Realizing the twenty-first division could no longer come to the rescue, Fox-Pitt hastily armed a thousand of the auxiliary troops and inserted them to hold the gap between his two infantry battalion—their courage, if not their discipline, heavily fortified by alcohol! By then the Second Panzer Division’s armored noose was closing on the defenders. Panzers forced the Irish Guards to the south of Boulogne to withdraw to the outskirts of town at 10 a.m., though two attached 3.7-inch flak guns of the Second Anti-Aircraft Regiment managed to brew a couple tanks before being knocked out in turn.
Soon, five French destroyers had assembled outside of Calais, pouring shell fire into the hordes of German tanks and infantry swarming down upon Calais. At noon, the Royal Navy destroyer Vimy sailed into the harbor to evacuate the auxiliaries and the wounded—and delivering orders to hold at all costs. By mid-afternoon, German tanks and infantry had forced their way deep into town, cutting off the French and British troops from each other. According to the war diary of the twentieth brigade, the chaos was worsened by German infiltrators and saboteurs in Boulogne disguised as priests or Allied officers, directing German artillery fire or attempting to plant bombs on Allied ships!
The onslaught cooled off in the later afternoon, as additional destroyers began approaching the harbor to help evacuate civilians and support troops. They also brought with them demolition parties to begin destroying the valuable port facilities, and two platoons of Royal Marines to police the evacuation effort.

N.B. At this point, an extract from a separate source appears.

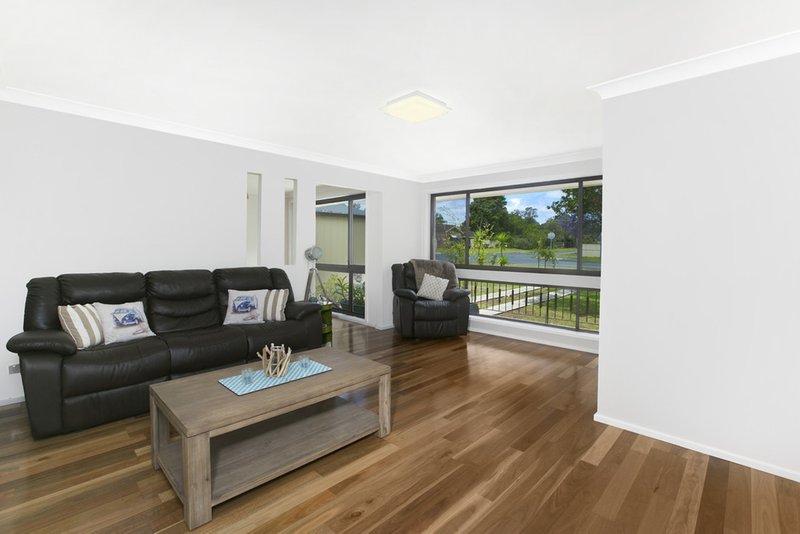 Photo - 75 Thirlmere Way, Tahmoor NSW 2573 - Image 3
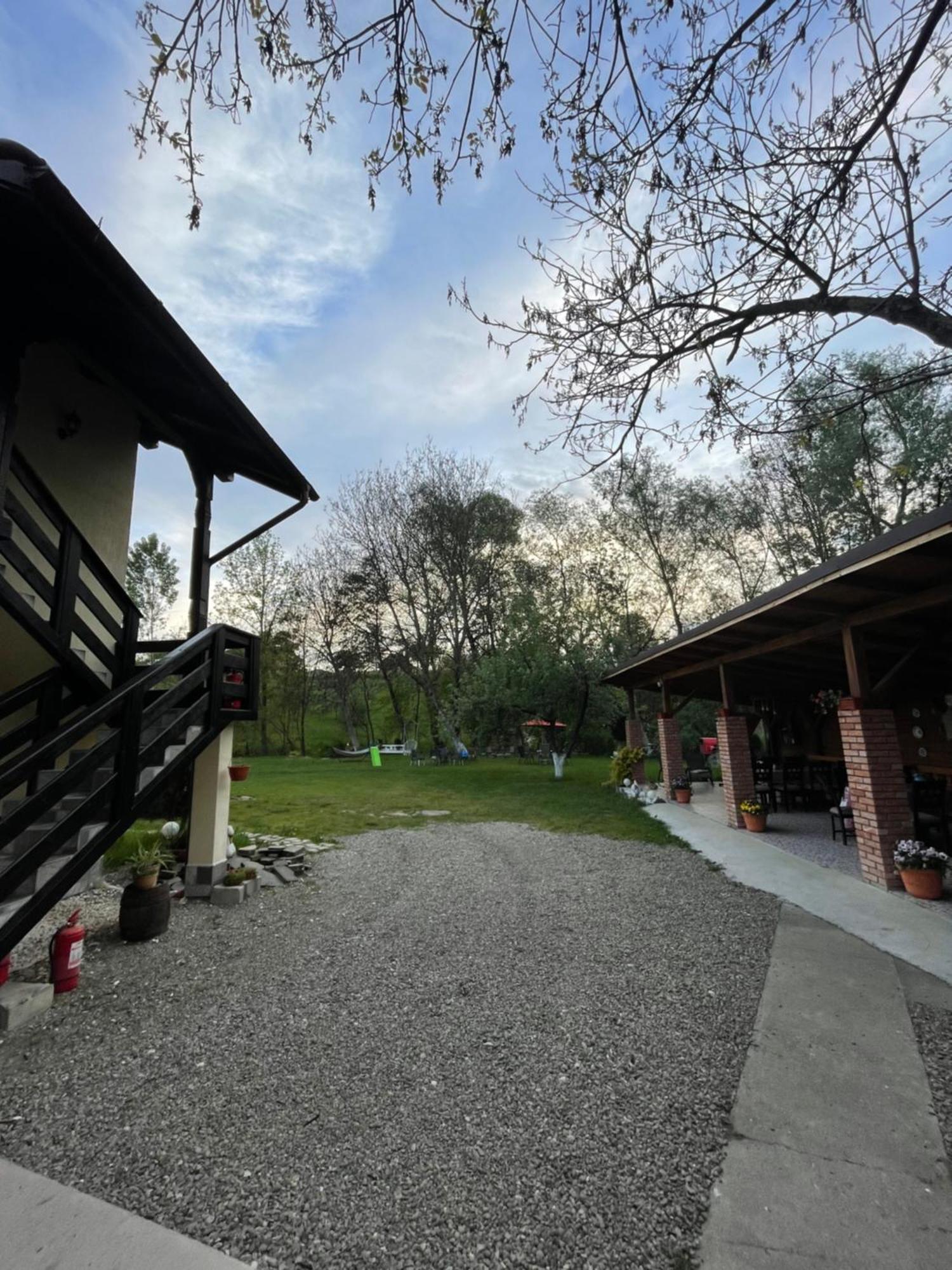Pensiunea Casa Godja Valeni  ภายนอก รูปภาพ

Finally, at 6 p.m. the destroyer HMS Keith sailed in harbor to join the Vimy with orders to begin evacuating the British troops—just thirty-six hours after the Twentieth Guards had landed! But by then, German tanks, artillery and even infantry were positioned close enough to shoot at the destroyers in the harbor. Mortars and machine guns raked the Keith, killing its captain, David Simson. Shortly afterwards, the captain of the Vimy was shot in the head by a sniper—and his second in command killed moments later by the same shooter.
It was at that moment that a swarm of sixty Luftwaffe bombers pounced upon beleaguered city. Sam Lombard Hobson, a first lieutenant aboard the destroyer Whitshed, described it in his book A Sailor’s War: “Every ship opened fire as the Stukas screamed down, with their angry hornet-like noise, to drop their bombs which sent up huge fountains of mud and water alongside the destroyers, drenching everyone on deck.”
Bombs and mortar shells blasted sailors on board the Keith. It and the Vimy, both captainless, began fleeing from port—the Vimy pausing only to use its main gun to obliterate a hotel a hundred meters away that the crew believed to be harboring the sniper that had shot their captain. The dive bombers hit two French destroyers, disabling one and causing the Orage to erupt in a cloud of fire and smoke.